(SOURCE DATA Opens)

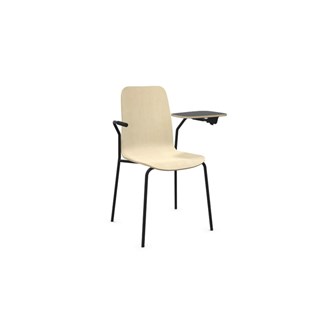 Vapaa stol høj ryg med skriveplade og ben sort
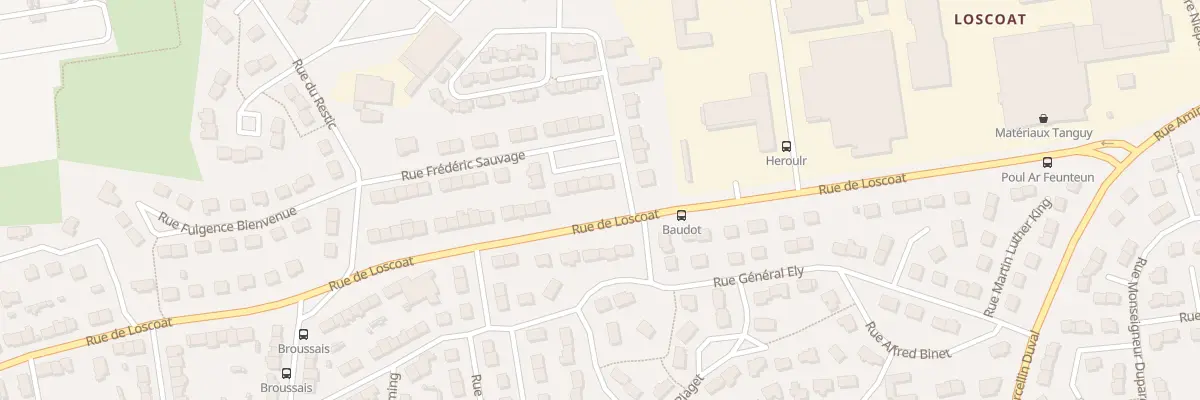 Plan du 31 Rue Frédéric Sauvage à Brest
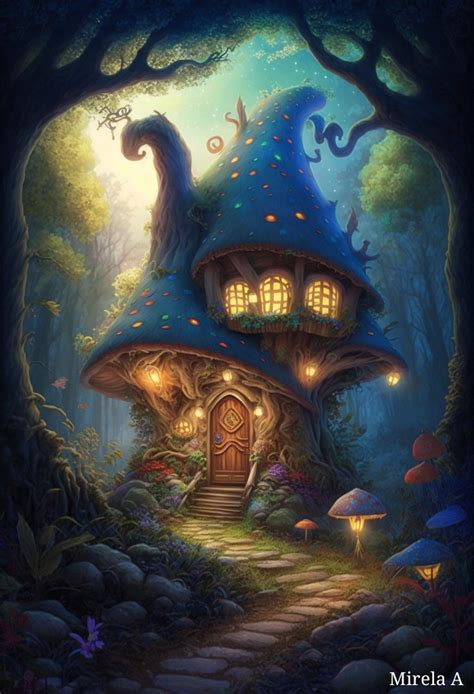 Magical House Magical Forest Dreamy Art Beautiful Fantasy Art Fairy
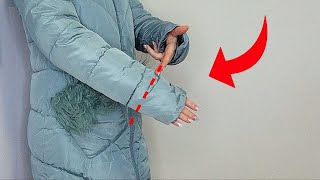 🏆How to Easily Shorten a Jacket Sleeve in 2 Minutes SEWING TRICK [upl. by Sclater]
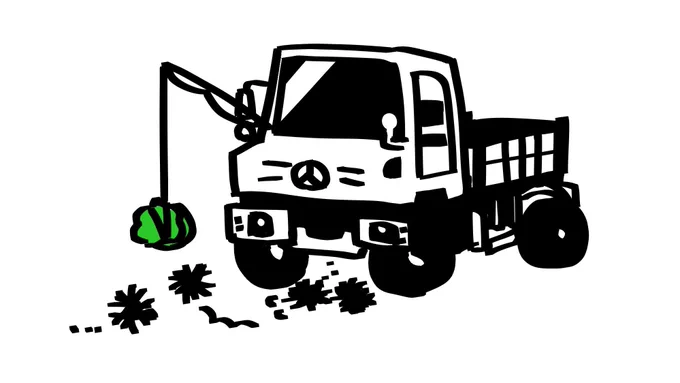 わたしの描いた車の絵を見てくれ(唐突) 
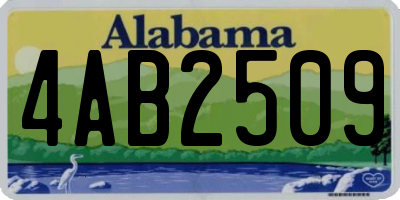 AL license plate 4AB2509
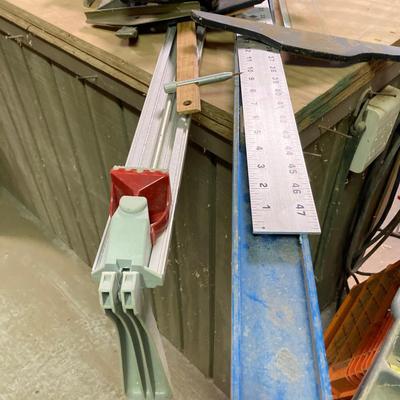 LOT 247: Large Tool Collection - Hammers, Hand Saws, Levels, T-Squares, Rulers and More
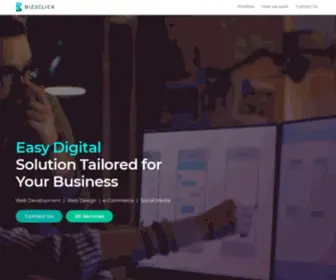 Biz2Click.com(Online marketing at your fingertips) Screenshot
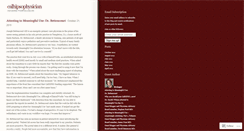 Desktop Screenshot of calhipsophysician.wordpress.com
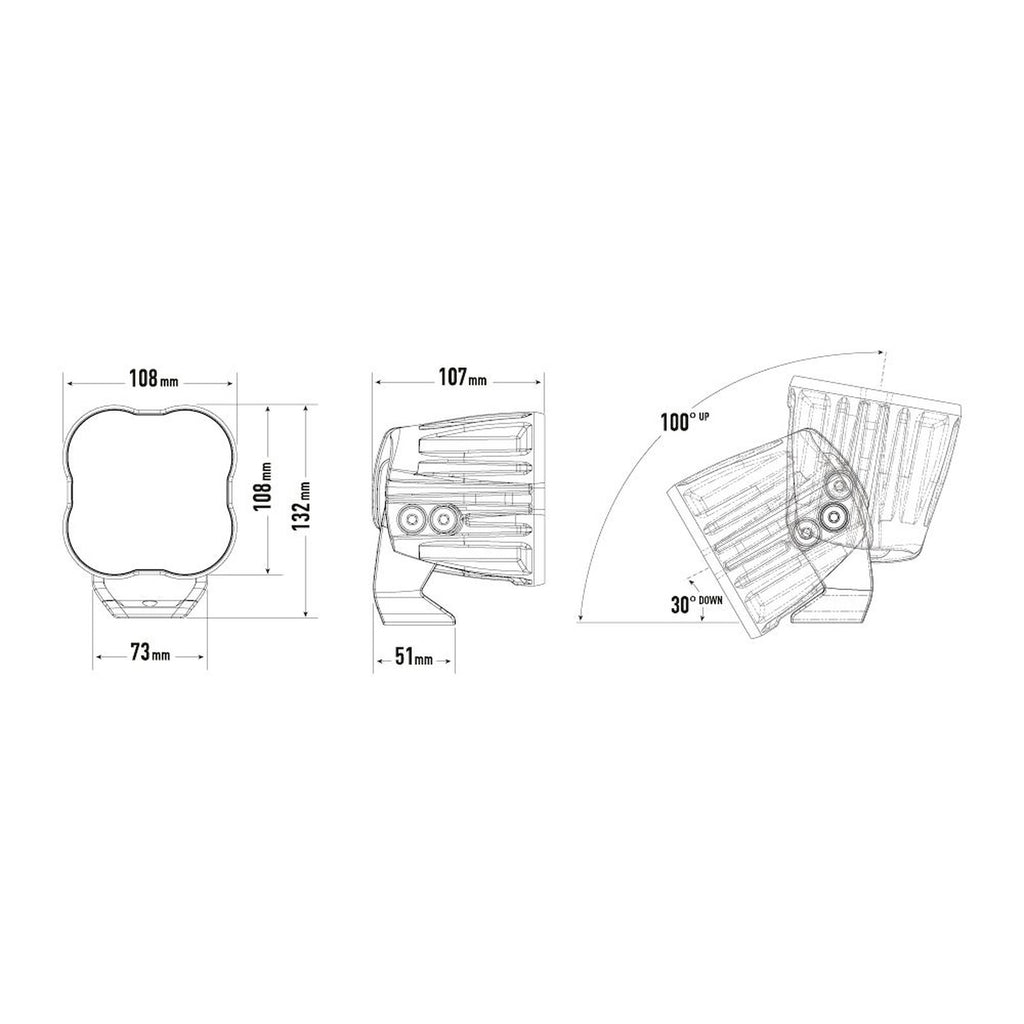 Phare LED Lazer Utility-80 HD 8940 Lm – Ford Ranger – vue 2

(SOURCE DATA Closes)

WHAT IS NEEDED:
Keeping both end lines, retype exactly the lines from the first line of the material through the line that contains "Desktop Screenshot of", but not the pictures.

OUTPUT FOR THIS TASK:
 Vapaa stol høj ryg med skriveplade og ben sort
 Plan du 31 Rue Frédéric Sauvage à Brest
 Magical House Magical Forest Dreamy Art Beautiful Fantasy Art Fairy
 🏆How to Easily Shorten a Jacket Sleeve in 2 Minutes SEWING TRICK [upl. by Sclater]
 わたしの描いた車の絵を見てくれ(唐突) 
 AL license plate 4AB2509
 LOT 247: Large Tool Collection - Hammers, Hand Saws, Levels, T-Squares, Rulers and More
 Biz2Click.com(Online marketing at your fingertips) Screenshot
 Desktop Screenshot of calhipsophysician.wordpress.com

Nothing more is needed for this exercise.